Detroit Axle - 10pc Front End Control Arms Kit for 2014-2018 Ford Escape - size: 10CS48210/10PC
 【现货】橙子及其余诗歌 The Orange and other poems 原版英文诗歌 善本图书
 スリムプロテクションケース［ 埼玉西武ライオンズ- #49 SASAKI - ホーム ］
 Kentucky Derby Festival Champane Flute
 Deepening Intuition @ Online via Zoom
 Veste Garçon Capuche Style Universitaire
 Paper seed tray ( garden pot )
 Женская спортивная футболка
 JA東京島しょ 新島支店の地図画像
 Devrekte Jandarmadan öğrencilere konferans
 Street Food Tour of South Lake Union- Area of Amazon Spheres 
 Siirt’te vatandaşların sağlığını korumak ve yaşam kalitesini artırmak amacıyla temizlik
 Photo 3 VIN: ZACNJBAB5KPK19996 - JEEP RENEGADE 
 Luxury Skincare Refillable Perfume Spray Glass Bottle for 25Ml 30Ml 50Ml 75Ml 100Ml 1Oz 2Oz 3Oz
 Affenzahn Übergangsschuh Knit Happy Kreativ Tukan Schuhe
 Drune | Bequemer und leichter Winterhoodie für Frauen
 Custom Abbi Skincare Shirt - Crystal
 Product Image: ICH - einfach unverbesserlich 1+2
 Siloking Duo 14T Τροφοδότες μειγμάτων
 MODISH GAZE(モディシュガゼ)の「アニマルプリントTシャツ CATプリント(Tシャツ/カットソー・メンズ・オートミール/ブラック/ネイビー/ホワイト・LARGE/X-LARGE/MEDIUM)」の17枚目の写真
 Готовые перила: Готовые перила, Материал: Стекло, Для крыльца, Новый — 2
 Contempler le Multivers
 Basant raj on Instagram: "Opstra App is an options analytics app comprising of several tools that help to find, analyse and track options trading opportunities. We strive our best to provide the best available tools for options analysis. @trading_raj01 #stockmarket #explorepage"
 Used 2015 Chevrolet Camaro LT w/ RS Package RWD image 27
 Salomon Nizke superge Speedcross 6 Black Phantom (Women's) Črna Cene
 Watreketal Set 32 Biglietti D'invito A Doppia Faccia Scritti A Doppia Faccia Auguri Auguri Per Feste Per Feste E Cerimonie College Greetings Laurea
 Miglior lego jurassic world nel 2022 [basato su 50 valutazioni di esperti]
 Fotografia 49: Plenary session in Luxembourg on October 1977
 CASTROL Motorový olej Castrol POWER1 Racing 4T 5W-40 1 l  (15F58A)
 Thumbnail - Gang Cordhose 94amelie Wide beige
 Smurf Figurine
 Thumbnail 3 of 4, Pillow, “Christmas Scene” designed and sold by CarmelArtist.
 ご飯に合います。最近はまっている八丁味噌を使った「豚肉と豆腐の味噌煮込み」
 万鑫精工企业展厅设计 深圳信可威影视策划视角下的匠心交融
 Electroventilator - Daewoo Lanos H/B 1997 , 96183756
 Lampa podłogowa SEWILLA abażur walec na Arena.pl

→ **Work task**
Every line of the listing that includes the word "Thumbnail" must be copied.

→ **Reply to the exercise**
 Thumbnail - Gang Cordhose 94amelie Wide beige
 Thumbnail 3 of 4, Pillow, “Christmas Scene” designed and sold by CarmelArtist.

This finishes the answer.